Stored data entries:
——

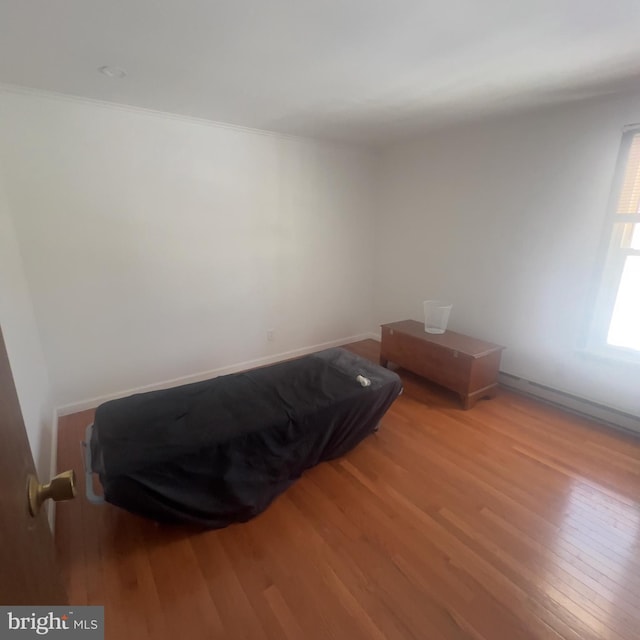 bedroom with wood finished floors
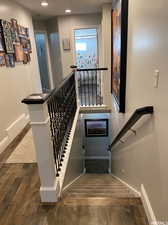 Staircase featuring dark hardwood / wood-style floors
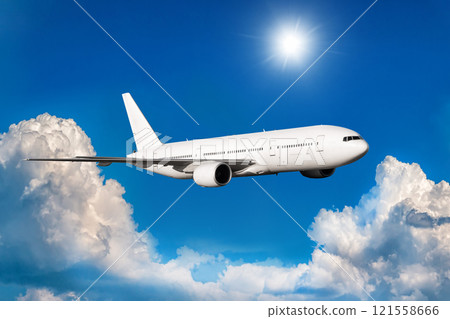 White wide body passenger airliner fly in the air above scenic clouds 121558666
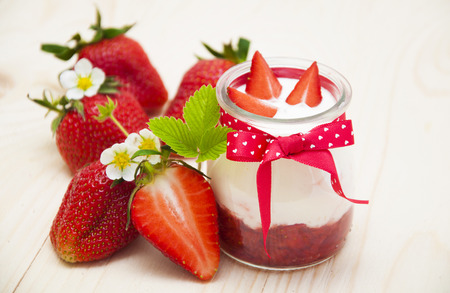 Strawberry yogurt with fresh strawberries on a wooden backgroundの写真素材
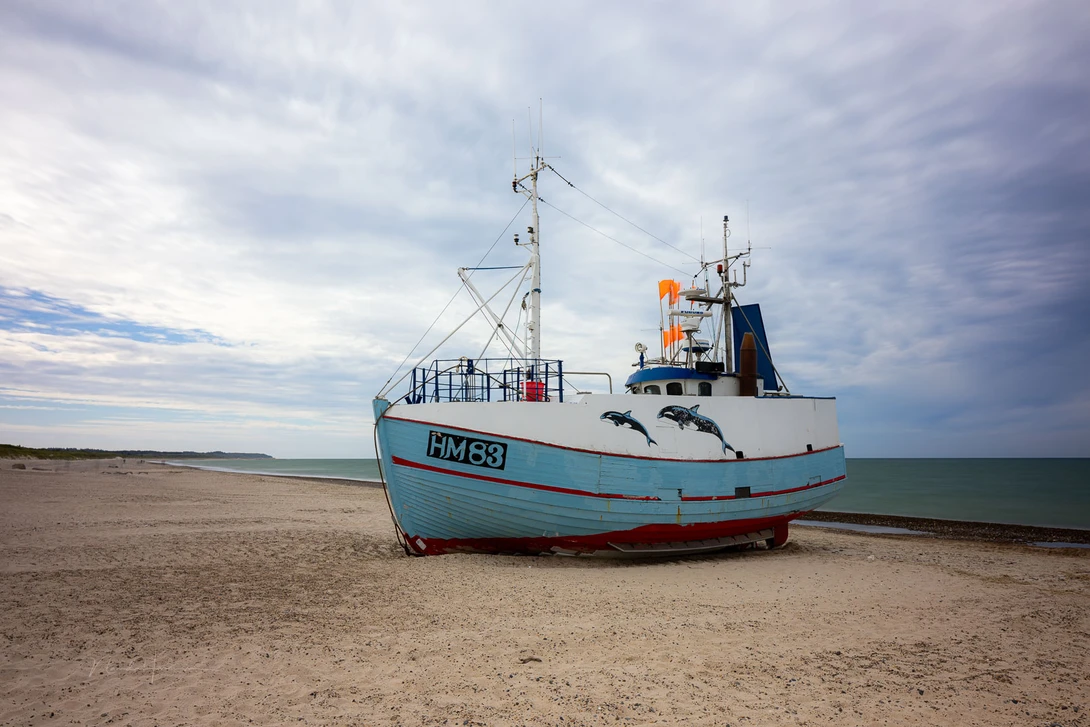A fishing boat on the beach in Denmark. The increased magenta color cast is due to stacking with the CPL filter. Avoid doing this.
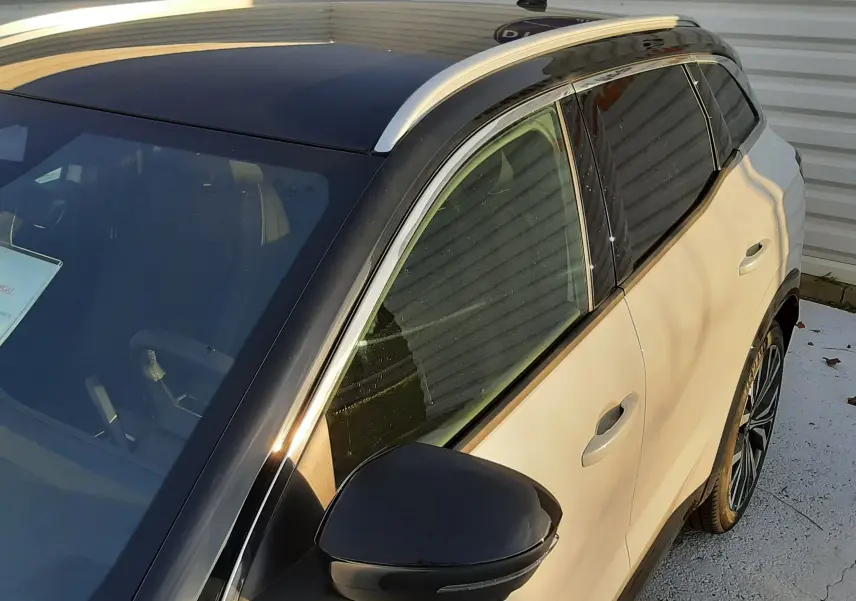 Vue 3/4 avant droit du Renault Austral 2025 blanc nacré avec toit noir et rétroviseur noir brillant.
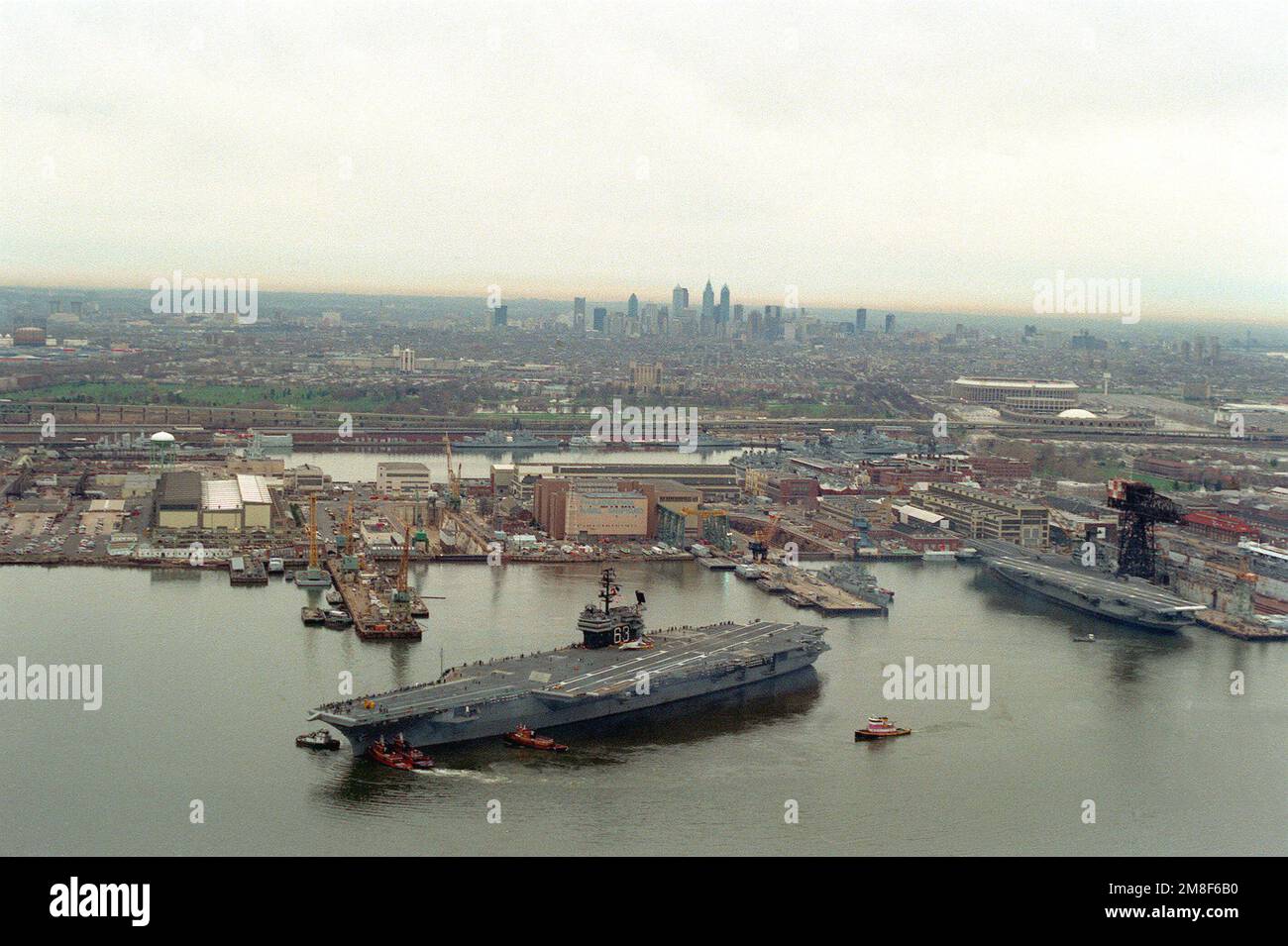 Tugs move the aircraft carrier USS KITTY HAWK (CV63) away from the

——

- _TASK TO COMPLETE_:
Drop the images and quote the entries word for word.

- _EXERCISE RESPONSE_:
 bedroom with wood finished floors
 Staircase featuring dark hardwood / wood-style floors
 White wide body passenger airliner fly in the air above scenic clouds 121558666
 Strawberry yogurt with fresh strawberries on a wooden backgroundの写真素材
A fishing boat on the beach in Denmark. The increased magenta color cast is due to stacking with the CPL filter. Avoid doing this.
 Vue 3/4 avant droit du Renault Austral 2025 blanc nacré avec toit noir et rétroviseur noir brillant.
 Tugs move the aircraft carrier USS KITTY HAWK (CV63) away from the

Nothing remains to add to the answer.